Von düstern Nächten und blassem Mondschein.

Diepenbrooks Theater hätte Asmus wohl ganz wieder zurückgezogen ins warme, rosiggoldene Land der Faulheit, wenn sein Vater nicht gar zu krank gewesen wäre. Ludwig Semper lächelte jetzt nur noch um einer Freude willen, wenn nämlich sein Asmus mit einem neuen Erfolge aus der Schule heimkam, wenn er bei Herrn Cremer der einzige gewesen war, der eine geometrische Aufgabe löste, oder wenn Herr Bendemann, jener Herr Bendemann mit den geraden grauen Augen, der aussah, als wenn seine Vorfahren zwanzig Generationen hindurch preußische Beamte gewesen wären, und der Asmus einmal so genau wie ein Richter nach seinen Personalien gefragt hatte, wenn also jener Herr Bendemann mit dem überhangenden Schnauzbart gesagt hatte: Asmus Semper hat den besten Aufsatz geschrieben. Und Asmus erzählte dergleichen seinem Vater, weil er wußte, daß er dann trotz aller Qualen lächelte. Aber Ludwig Semper war so unvernünftig lange krank und arbeitsunfähig, daß ihm die Krankenkasse endlich keine Unterstützung mehr zahlte. Da fing das längste und härteste Elend der Semper an.

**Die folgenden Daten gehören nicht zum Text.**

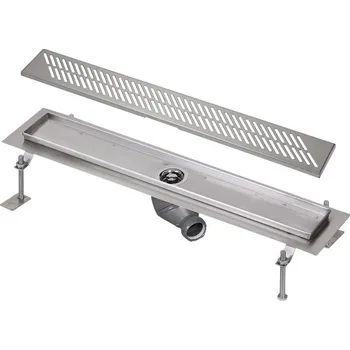 sprchový žlab SLKN 17DX - Nerezový koupelnový žlábek do prostoru, délka 85 cm, mat 68174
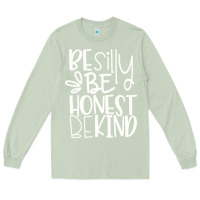 Matcha be silly be honest be kind Long Sleeve Tee - DesigneFamous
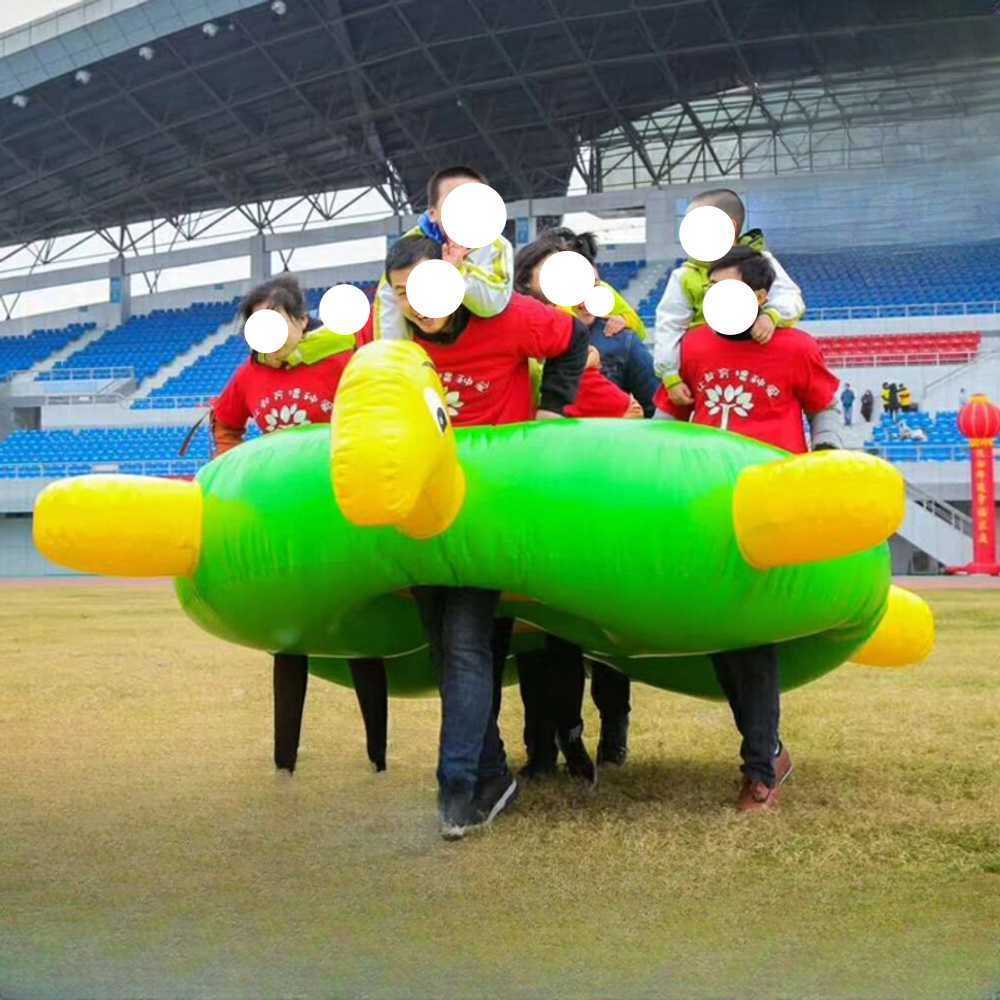 에어바운스 토끼와 거북이 체육대회 테마 놀이 시설 거북이 - 상세 이미지 5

Die Zeiten waren wieder schlechter geworden, und was man ohne Ludwigs Hülfe verdiente, das reichte höchstens für die Hälfte der Woche. Die Rippen, die aus den Tabaksblättern herausgezogen wurden, durften die Hausarbeiter zu eigenem Nutzen verkaufen, und sobald sich ein Häuflein angesammelt hatte, stopfte es Asmus in einen Sack und trug es nach einer Fabrik, wo aus den Rippen Pfeifentabak gemacht wurde. Da hieß es dann gewöhnlich: »Wir haben mehr als genug, wir können keine brauchen.« Dann sagte Asmus offen heraus: »Kaufen Sie mir sie nur ab, bitte, wir haben kein Geld mehr.« Dann berieten die Arbeiter untereinander, ob sie es gegen das Verbot ihres Fabrikanten wagen dürften, und sie hatten Mitleid mit ihm und nahmen sie ihm ab, und seelenfroh brachte er die drei oder vier Groschen seinen Eltern ins Haus. Mit Borgen und Sorgen schleppten sich die Sempers hin; als aber Ludwig noch immer nicht gesundete und darum in der Arbeit eins und das andere versehen wurde, da nahm ihm der Fabrikant die Arbeit und gab sie einem andern. Die »Bude flog auf«; die Sempersche Akademie der Wissenschaften und schönen Künste löste sich auf für immer.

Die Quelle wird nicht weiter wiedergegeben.